# Yep, ANOTHER new member here !



## J4F-2 (Aug 24, 2009)

Howdy all,
J4F-2 here, The Grandmaster Guru of Grumman Amphibians (yeah, RIGHT). 
Well I do have a lot of info on them and am willing to share it and I'm ALWAYS looking for more.
I just found out about this site a few minutes ago and signed up right away.
Looks like it might be fun.
So if you're looking for the straight poop on the Grumman boats or have any to share, give a holler.
I may not haunt this site 24/7, but I'll check in every few days to see what's shaking.


----------



## Lucky13 (Aug 24, 2009)

Welcome to the family mate!


----------



## vikingBerserker (Aug 24, 2009)

Hiya J4, welcome aboard!


----------



## Wurger (Aug 24, 2009)

Welcome to the hell...greetings from Poland.


----------



## Wayne Little (Aug 24, 2009)

G'day J4 welcome to the forum.


----------



## beaupower32 (Aug 24, 2009)

Welcome to the jungle. Enjoy yourself and happy posting.


----------



## Gnomey (Aug 24, 2009)

Welcome.


----------



## imalko (Aug 24, 2009)

Welcome to the forum and greetings from Serbia.


----------



## A4K (Aug 24, 2009)

Welcome aboard mate!
The J2 is the Duck,so the J-4 is the Widgeon, right?

Evan


----------



## Airframes (Aug 24, 2009)

Hello and welcome from England.


----------



## Thorlifter (Aug 24, 2009)

Not another one!!!!! heh heh.

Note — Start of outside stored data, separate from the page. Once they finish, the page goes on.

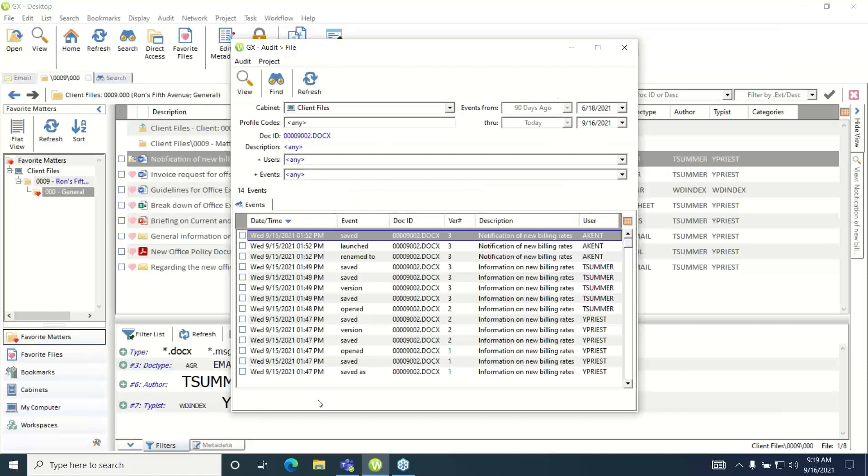The audit information dialog will pop up listing all the audit information from the last 90 days by default for that particular file.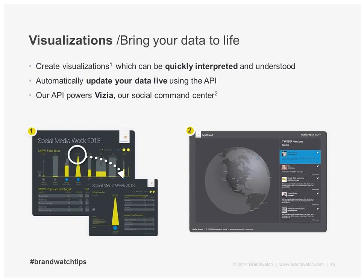Another strong use case is visualizations. You're providing social analytics not just for analysts but for the company as a whole, and not everybody responds to graphs and tables — some people need data brought to life through visualizations. The number of API calls we allow means these visualizations can be responsive. If you look at labs.brandwatch.com, you'll see visualizations we've created for various real-world events — not only responsive, but updated live while the event was running. We also have our own social command center tool called Vizia, powered from the Brandwatch API, to make social media data as accessible as possible to as many people as possible.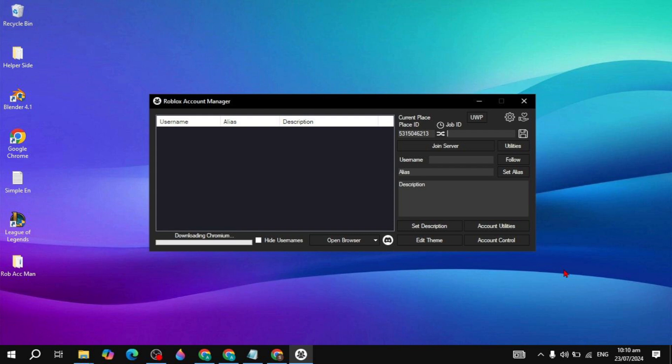That's how you can fix the Roblox Account Manager chromium installation problem. If you find this video helpful, please like the video as it motivates me. I'll see you guys in the next video. Bye bye!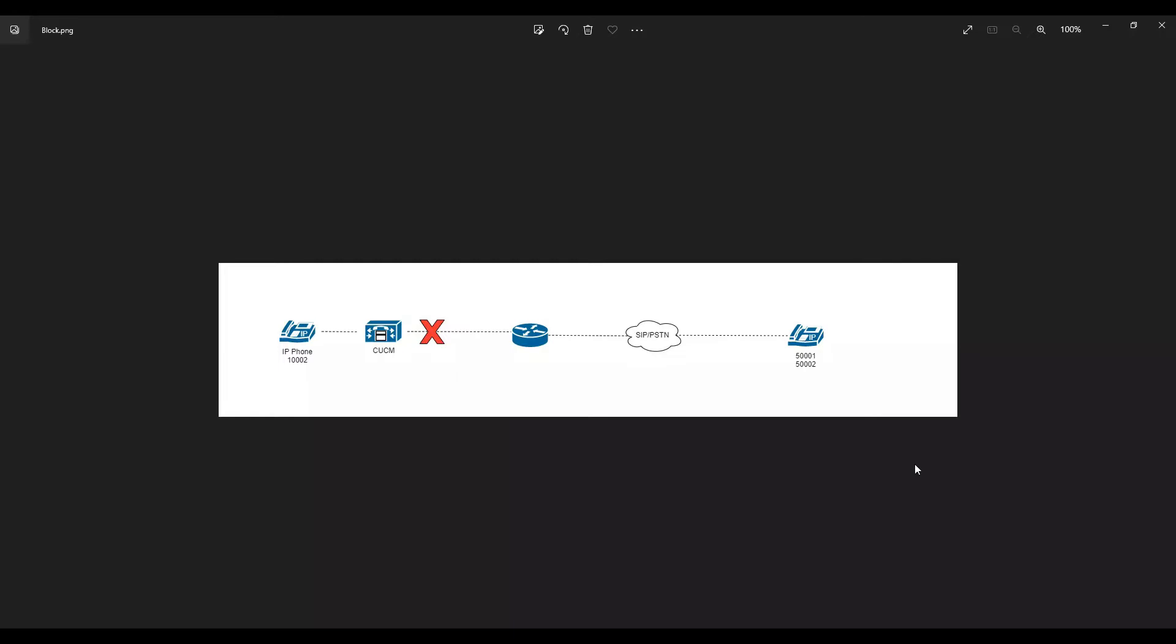Now in this video, what we're going to do is use a Lua script and apply this Lua script on the trunk level to block the calls on the trunk itself when the call comes to the call manager. This is our scenario: we want to block the call coming from 500001 and 500002 to 100002.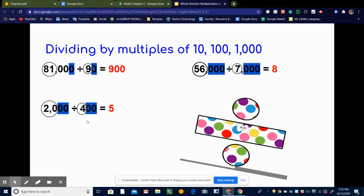Let's look at 2,000 divided by 400. I start with 400 — it has two zeros, so I mark those out, then mark out two zeros in 2,000. Now I look at what I can divide. I can't say 2 divided by 4, so I include the remaining zero and circle the whole 20. Then I can say 20 divided by 4 is 5. There are no extra zeros left — all zeros are either circled or marked out. So 2,000 divided by 400 equals 5.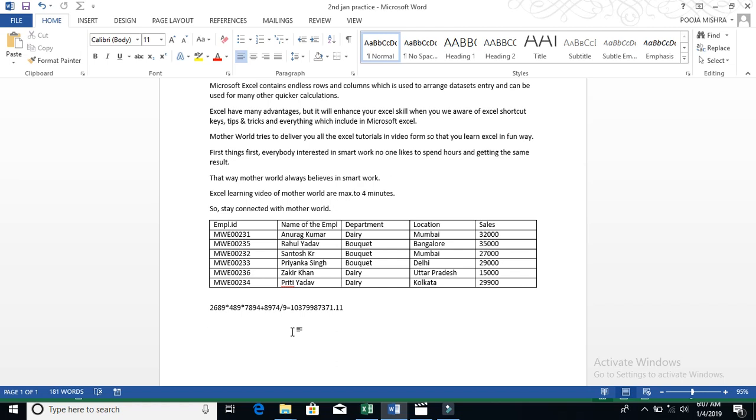Press CTRL and F9. What you are seeing is curly brackets. After this, put equals. Because if we use any function, we need to use equals.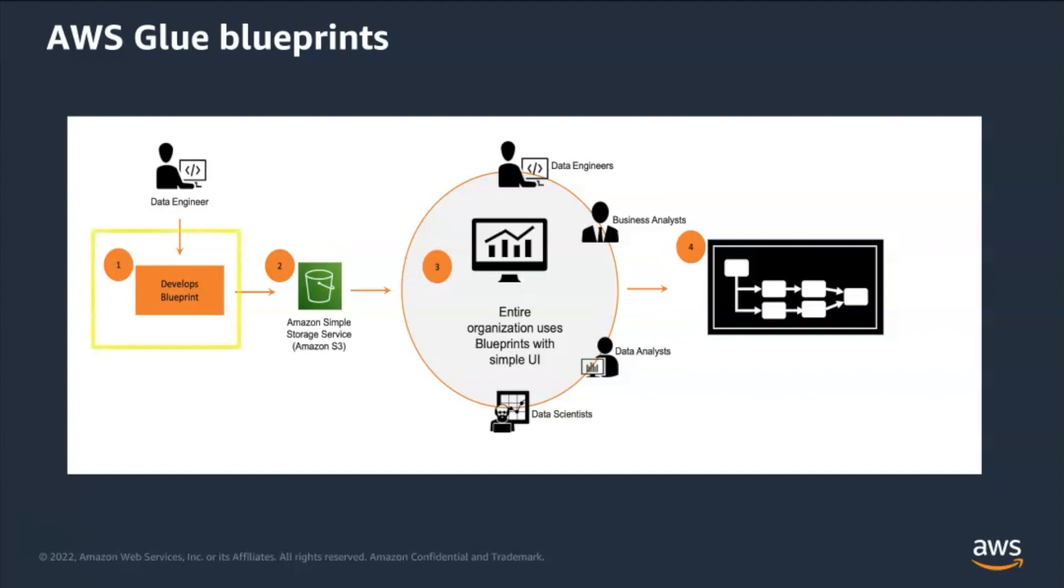Step one, data engineer identifies data ingestion pattern and creates blueprints. A blueprint in AWS Glue is a zip archive that consists of a blueprint configuration file, a layout generator script, an optional ETL scripts and supporting files. Step two, data engineers share this blueprint via source control tool or S3.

Just kidding.

Welcome to the forum. Pull up a chair and stay a while.


----------



## Doughboy (Aug 24, 2009)

Welcome to the forum.


----------



## Njaco (Aug 24, 2009)

Welcome to the forum, J4.


----------



## ccheese (Aug 24, 2009)

Welcome to the forum...

Charles


----------



## B-17engineer (Aug 24, 2009)

Wurger said:


> Welcome to the hell...greetings from Poland.



Check in, now. check out, never Welcome!


----------



## diddyriddick (Aug 24, 2009)

Welcome aboard, Sir! Pull up a chair, and we'll exchange some lies together!


----------



## Geedee (Aug 25, 2009)

Welcome aboard


----------



## wheelsup_cavu (Aug 27, 2009)

Welcome to the forum from Sunny 8) southern California.


Wheels


----------



## BikerBabe (Aug 27, 2009)

Hi there, and welcome from Denmark.


----------



## joy17782 (Aug 27, 2009)

welcome !!!! from OHIO< grab a beer and read all the B S !!!!!!!!! well some of it is true


----------